Never before did customers have as many options as they have today – for almost any desired product, customers have a choice between products by a number of online and brick-and-mortar retailers to purchase the specific product. This is why it is essential for the individual retailer to understand customer needs and respond quickly to changes. When used correctly, big data provides retailers with clear advantages in terms of the speed and accuracy with which the retailer is able to respond to customer wishes.

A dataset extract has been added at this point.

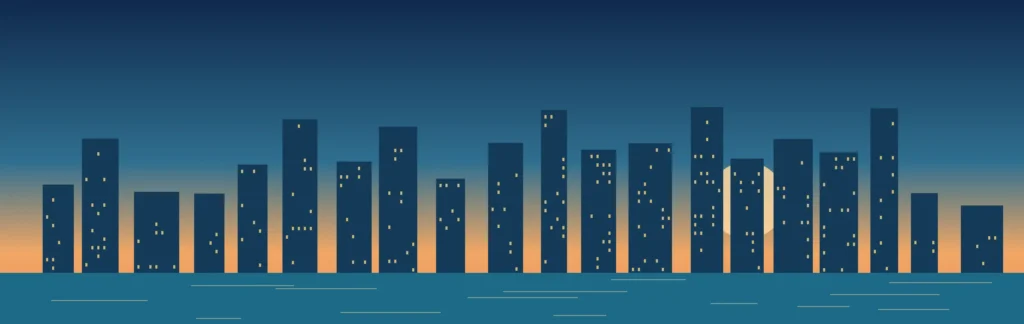 Dubai beachfront towers at sunset over the Gulf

Big data helps in implementing multichannel concepts

The analysis of sales data, complaints and returns, but also public customer reviews on the Internet and comments in social networks help to assess customers and their desires. Ecommerce in particular can also let retailers tap into cross-selling potential – such as Amazon’s recommendation feature for example. Yet brick-and-mortar retail can also optimize its range of products and product positioning in the store by using a comprehensive data analysis for instance. Technologies such as in-store video analysis or Smartphone tracking via Wi-Fi deliver retailers accurate insights into important factors such as customer frequency in front and inside the store, customer movement patterns and length of stay to look at specific products. Just like in online retail, brick-and-mortar retailers can subsequently measure conversion rates for instance.

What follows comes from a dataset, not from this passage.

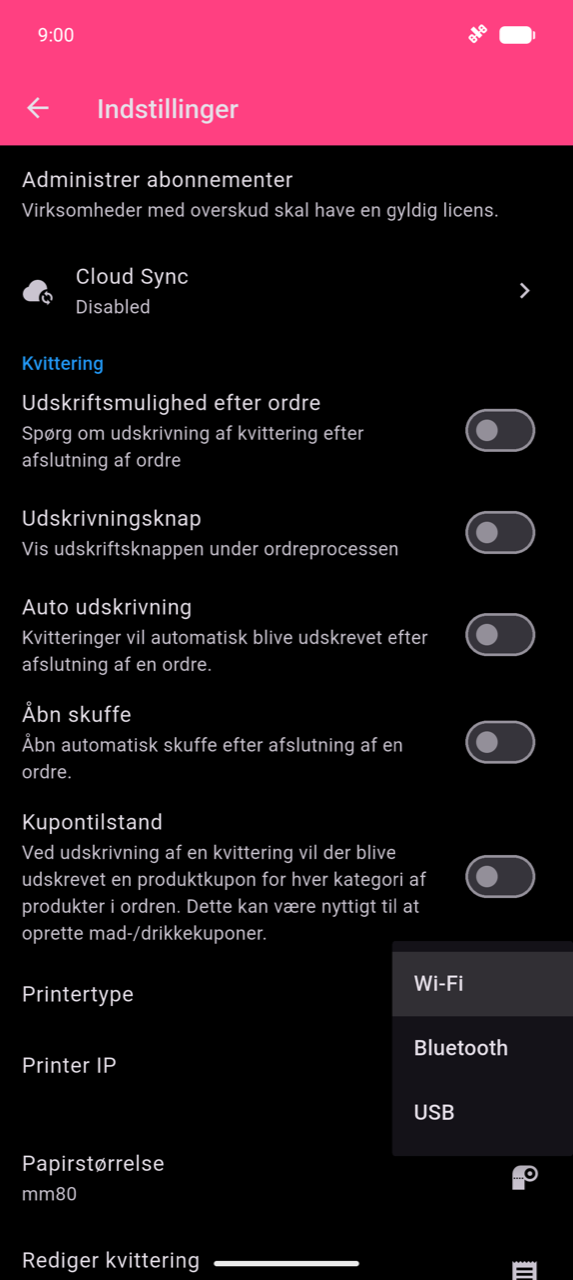 Kvittering-sektion i Indstillinger med Printertype-dropdownen åben, der viser tre muligheder: Wi-Fi, Bluetooth og USB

These are clear advantages, especially for smaller retailers, agrees Alexander Reschke, CMO of Webdata Solutions. “We have noticed for some time now that brick-and-mortar and multichannel retailers are also increasingly interested in utilizing big data. Many small brick-and-mortar retailers now realize that they cannot do without an online strategy if they want to continue to be successful on the market. Intelligent data analysis helps them to close these gaps and successfully position themselves online“, says Reschke in an interview with EuroCIS.com.
Picture: Daniel Simon; copyright: Quadress GmbH

„Big Data does not mean Big Brother“ says dialogue marketing expert Daniel Simon. © Quadress GmbH

Customer benefit is essential for acceptance

This way, retail receives a multitude of useable data on buying behavior, special interests or the individual customer’s preferred channels. “Generally, however, we only collect data whose benefit the customer is able to understand. You should never collect data you would need to keep secret from the customer,“ emphasizes Axel Jahn, Managing Director of Netpioneer, in our current interview.

In Germany, in particular, customers are very sensitive when it comes to protecting their personal data. However, if retailers are able to make them understand the advantages in the form of custom sales and quick services processes, most customers gladly provide their data. What’s crucial for acceptance is open and honest communication on what exactly happens with the data and how it is being used.

If you want to utilize big data in Germany, you must not ignore data privacy, believes Daniel Simon from the Quadress agency, a specialist in evaluating and analyzing huge amounts of data: “The heated debate Facebook triggered with the current change of its terms and conditions shows how sensitive and uncertain many German consumers are when it comes to this subject. Big data is mentioned in the same breath as ‘surveillance society’, ’NSA scandal’ and ‘Big Brother’.“

This is one fear retailers need to dispel, because the advantages for them are obvious. “Big data is neither good nor bad. Initially, it is neutral data that – if analyzed correctly - illustrates processes, makes decisions easier and primarily increases efficiency in marketing and communication,“ Simon points out.

Individualization makes a big difference in the customer approach

The applications of big data are also multifaceted. Data analysis doesn’t just optimize internal workflows and processes. At the same time, big data enables a much stronger individualization in the customer approach. Marketing, sales and products can be tailored to targeted customer segments or even individual customers. And once customers believe that the retailer truly knows and understands their needs, they will come back again to buy – whether it’s online or offline.